*** Given material ***

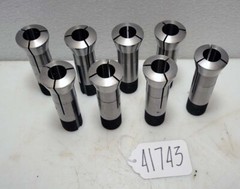 1 Lot of Southwick and Meister w25-5 Collets (Inv.41743)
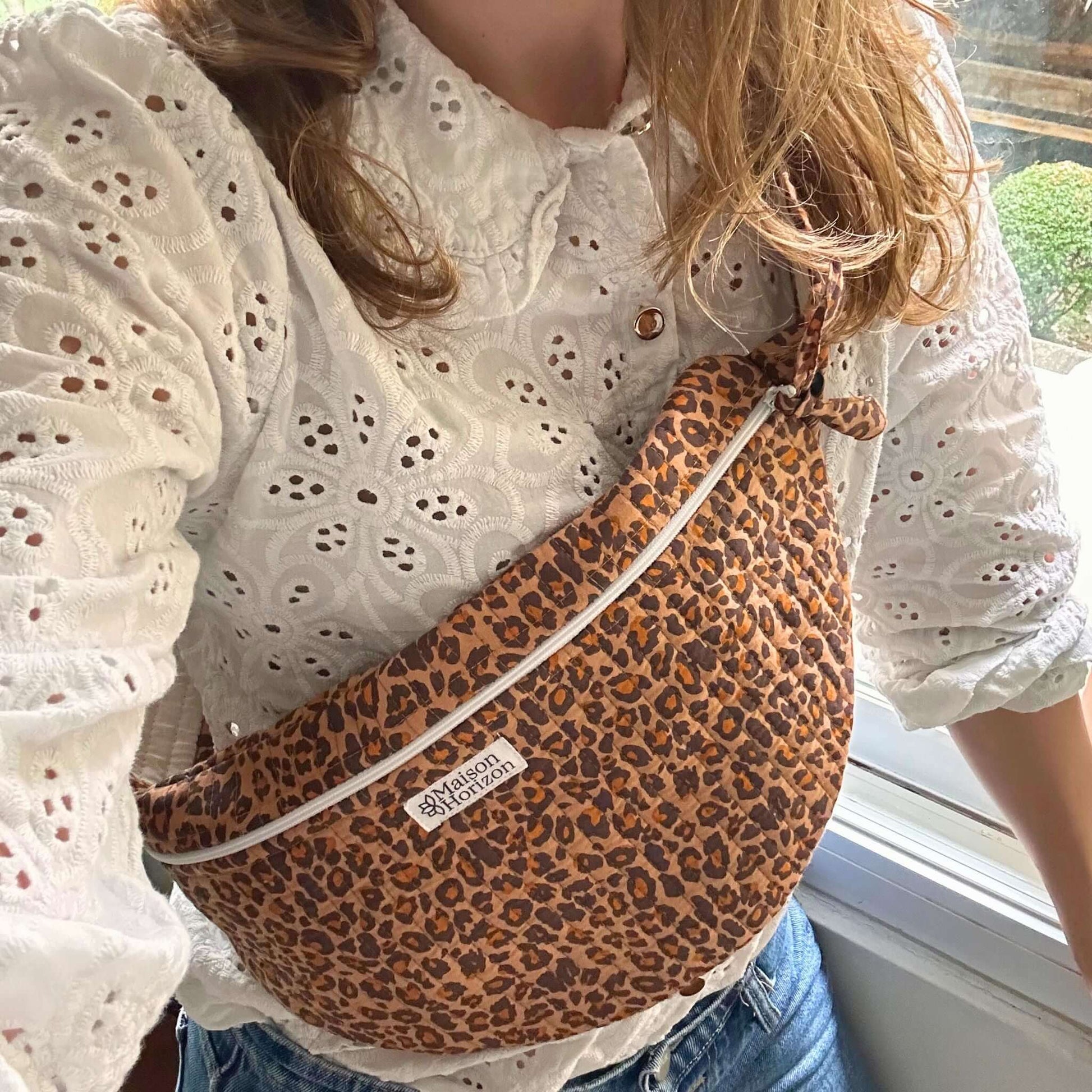 Sac Banane à Langer Kimi.BANA013.Couleur: Léopard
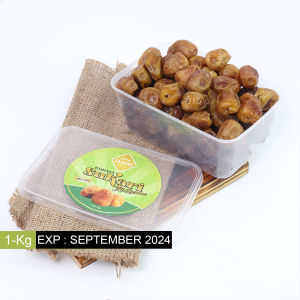 Kurma Sukari Al-Qaseen Deluxe 1kg - Sahara Sukkari Korma Raja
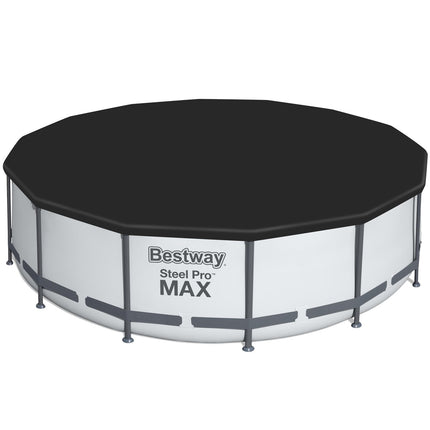 Steel Frame Above Ground Pool, 3.96m x 1.22m, Easy Setup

*** End of Given material ***

- Activity -
Write out the data precisely as given, excluding the pictures.

- Exercise answer -
 1 Lot of Southwick and Meister w25-5 Collets (Inv.41743)
 Sac Banane à Langer Kimi.BANA013.Couleur: Léopard
 Kurma Sukari Al-Qaseen Deluxe 1kg - Sahara Sukkari Korma Raja
 Steel Frame Above Ground Pool, 3.96m x 1.22m, Easy Setup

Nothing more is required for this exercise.